La vita è una partita di calcio con l'esito già scritto, ma...









“Ora dimmi, seguace di Dioniso, qual è la cosa migliore e più desiderabile per l’uomo?”, domandò il re Mida al Sileno, e questi, costretto dalla sua insistenza, con voce stridula gli rispose: “Il meglio è per te assolutamente irraggiungibile: non essere nato, non essere, essere niente. Ma la cosa in secondo luogo migliore per te è – morire presto” (F. Nietzsche, La nascita della tragedia).

La vita è come una partita di calcio dall'esito già scritto: la nostra sconfitta al fischio dell'arbitro dell'ultimo minuto. Certo, vivere con questa prospettiva in mente è tragico, ma una volta definiti i confini temporali e spaziali della partita di calcio, non potrebbe essere appassionante giocarla con tutte le energie che abbiamo in corpo pur sapendone già l'esito?
Già sapremmo che i goal non conterebbero niente, ma correre e segnarli da prospettive impossibili facendo esultare chi ci circonda e tifa per noi non ci darebbe comunque piacere?
Costruire azioni con i nostri compagni di squadra al fine di quel risultato non ci farebbe assaporare la bellezza del processo e del disegno in sé?
Schivare lealmente le azioni dell'avversario - parimenti implicato nello stesso gioco con le medesime regole - non darebbe a entrambi i contendenti un sorriso nel mirare l'azione ben realizzata?
Collaborare nel proteggere la porta con coloro che giocano in altri ruoli e incoraggiarli qualora si volessero smarcare dalla difesa e passare all'attacco, impegnandoci affinché segnino, non ci riempirebbe il cuore quando ciò accadesse loro?
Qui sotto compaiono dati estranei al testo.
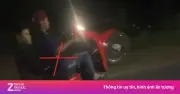 Thanh niên 17 tuổi 'bốc đầu' xe máy, quay clip đăng mạng xã hội bị xử lý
Io gioco tra il centrocampo e l'attacco. Non so se nel gioco reale si possa, ma nella mia vita sì. Mi curo quanto basta per avere le energie per correre, e la capacità di rialzarmi quando cado e mi faccio male (anche seriamente). Mi invento strategie e tattiche per portare avanti un po' in solitaria, un po' con la collaborazione altrui, i goal. Sapendo bene che ogni corsa, ogni caduta, ogni impatto potrebbe essermi fatale e non farmi raggiungere neanche il 90° minuto. Ma intanto mi alleno e corro.

Anche se la porta è sempre la stessa, i goal ogni volta sono diversi per traiettoria, intensità, angolo del tiro, come diverso è il gioco che mi ha portato a segnarli articolando l'azione a partire dalla mia immaginazione, schivando avversari, costruendo passaggi con i miei compagni di squadra.
E quando segno, sono felice, anche se è per un istante, e quel goal è segnato per tutti. Per me e coloro che mi stanno intorno e mi hanno aiutato nella strategia che ha portato a segnarlo.
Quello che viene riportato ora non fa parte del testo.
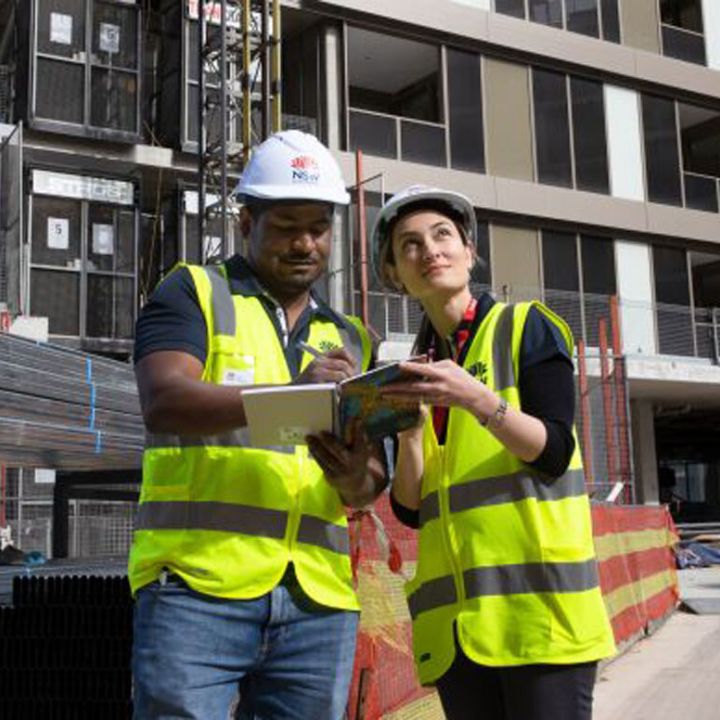 Ministerial media release about Building Productivity Reforms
Così come so che c'è chi sta in difesa, per tutta la vita, protegge sé e forse gli altri - ma più che altro sé - con in mente il pensiero del 90° minuto, magari anche sperando nei recuperi, poi nei supplementari, poi magari anche nei calci di rigore. E mi dispiace per costoro, non per arroganza - non perché vorrei affrontassero il gioco come lo affronto io - ma perché so che agli esseri senzienti è data la conoscenza della propria condizione tragica come è dato il desiderio, e quest'ultimo - e il tentativo della sua realizzazione - è ciò che trasforma una partita dall'essere giocata tutta nella paura e quindi nel "fare melina" all'essere giocata con il coraggio, l'energia, la passione e la gioia d'una finale dei mondiali.

Pur sapendo che le luci, dopo, si spegneranno, e che aver vinto o perso non avrà, nel tempo successivo, alcun valore. Valevo solo il tempo e il modo in cui la si è giocata.